ALTER TABLE ontime MOVE PART 'all_1_22_2' TO VOLUME 'external';
SELECT * FROM system.moves FORMAT Vertical Row 1: ────── database: default table: ontime elapsed: 8.900590354 target_disk_name: s3 target_disk_path: /var/lib/clickhouse/disks/s3_disk/ part_name: all_1_22_2 part_size: 1643771811 thread_id: 10071 1 row in set. Elapsed: 0.160 sec.
Querying system tables from all nodes in a cluster
When querying for system tables in a cluster, take note that the query is only executed on the local node where the query is issued. To retrieve rows from all nodes in a cluster with shards and replicas, we need to use the clusterAllReplicas table function. The query below is sent to a cluster with two shards, each with two replicas. Based on the hostName, we can see that the resulting rows were gathered from all four nodes.

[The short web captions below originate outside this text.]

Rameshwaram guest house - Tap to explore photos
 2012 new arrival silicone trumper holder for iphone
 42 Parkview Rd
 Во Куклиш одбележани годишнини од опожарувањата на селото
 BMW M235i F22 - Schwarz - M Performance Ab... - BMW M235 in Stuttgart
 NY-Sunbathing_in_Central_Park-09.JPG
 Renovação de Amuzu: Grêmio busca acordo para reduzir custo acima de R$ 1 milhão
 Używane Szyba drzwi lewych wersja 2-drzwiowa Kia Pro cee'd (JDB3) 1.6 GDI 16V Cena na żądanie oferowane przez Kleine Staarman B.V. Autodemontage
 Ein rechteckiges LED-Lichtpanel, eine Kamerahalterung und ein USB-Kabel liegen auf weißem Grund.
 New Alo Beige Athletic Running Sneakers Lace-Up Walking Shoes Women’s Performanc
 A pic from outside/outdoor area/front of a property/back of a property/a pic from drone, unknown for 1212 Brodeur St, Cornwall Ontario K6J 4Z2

SELECT hostName(), is_initial_query, query_id, initial_query_id, query FROM clusterAllReplicas('default', system.processes) FORMAT Vertical Row 1: ────── hostName(): c-mint-mb-85-server-0 is_initial_query: 1 query_id: c8f1cfb2-7eed-4ecd-a303-cc20ef5d9d0f initial_query_id: c8f1cfb2-7eed-4ecd-a303-cc20ef5d9d0f query: SELECT hostName(), is_initial_query, query_id, initial_query_id, query FROM clusterAllReplicas('default', system.processes) FORMAT Vertical Row 2: ────── hostName(): c-mint-mb-85-server-1 is_initial_query: 0 query_id: e487bae2-0886-46ef-8510-87c218f45332 initial_query_id: c8f1cfb2-7eed-4ecd-a303-cc20ef5d9d0f query: SELECT hostName(), `is_initial_query`, `query_id`, `initial_query_id`, `query` FROM `system`.`processes` Row 3: ────── hostName(): c-mint-mb-85-server-2 is_initial_query: 0 query_id: 271abbde-64b9-46ea-9391-9f402cc013ef initial_query_id: c8f1cfb2-7eed-4ecd-a303-cc20ef5d9d0f query: SELECT hostName(), `is_initial_query`, `query_id`, `initial_query_id`, `query` FROM `system`.`processes` 3 rows in set. Elapsed: 0.006 sec.
Conclusion
In this post, we’ve introduced how system tables can be used to query for the current and historical state of ClickHouse. We’ve provided examples using system tables to answer some common questions when using ClickHouse. In a future post, we’ll explore these tables in more detail and how they can be used to monitor ClickHouse for common challenges on INSERT and SELECT queries.